Wachsende Sicherheit im Formulieren und Einbringen eines mäeutischen Impulses.

6.7 Schlussbemerkung Wenn Sie diese Übungen trainiert haben, sind Sie durchaus in der Lage, ein seelsorgliches Kurzgespräch zu führen. Es geht jedoch nicht nur um das Trainieren bestimmter Fertigkeiten, so notwendig deren gekonnte Handhabung ist.

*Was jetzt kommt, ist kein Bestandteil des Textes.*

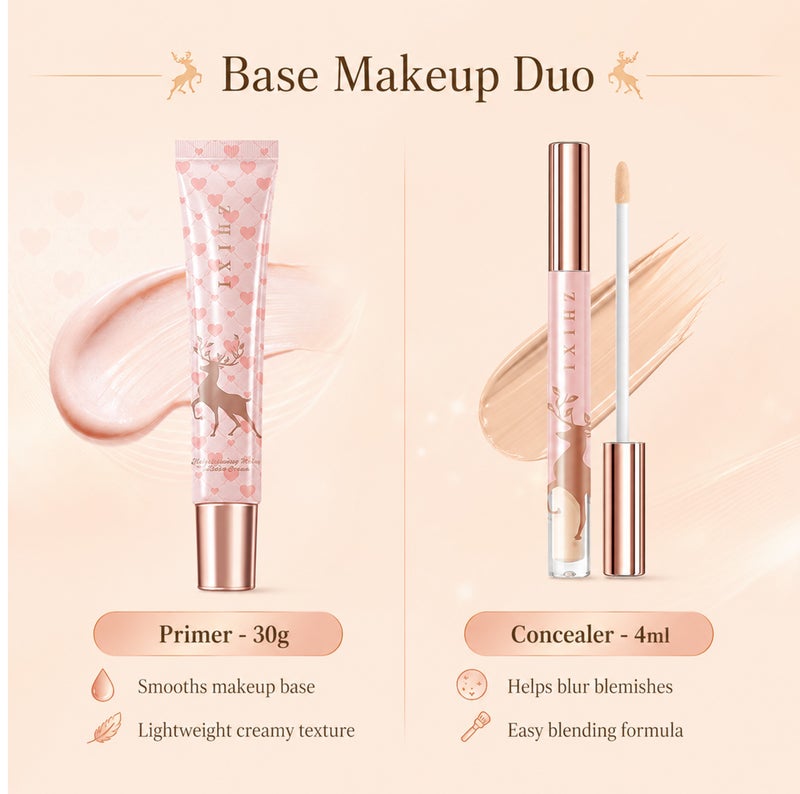 Me Now Makeup Gift Set for Women, 10 Pcs Full Face Makeup Kit with Air Cushion, Setting Powder, Lipstick, Lip Gloss, Mascara, Eyeliner, Brow Pencil, Primer, Concealer and Brush, Pink Deer Beauty Gift Box - Image 4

Grundlegend entscheidend ist Ihre seelsorgliche Haltung  – entsprechend der paulinischen Aussage: »Wenn ich mit Menschen- und mit Engelszungen redete und hätte der Liebe nicht …« (1. Kor 13,1) Es könnte sein, dass Sie in diesen Anleitungen zum Training eine für Sie sehr wichtige Übungsanleitung vermissen, etwa die Trias »Lösungen / Ressourcen / Ziele«. Dazu wie zu den »Wortfeldern«, den »Auslassungen« oder dem »strategisch erzählen« eine kurze Anmerkung von mir: Diese Elemente lassen sich nur live in der Ausbildungsgruppe vermitteln und einüben, da Sie durch die unmittelbare Erfahrung im Vollzug für sich lernen, wie das geht und was da geht und wie und was nicht. Wenn Sie zum Beispiel miterlebt haben, wie Ihr Gegenüber zu seiner potenziellen Komplexität gefunden hat, werden Sie spüren, wozu das Kurzgespräch dient.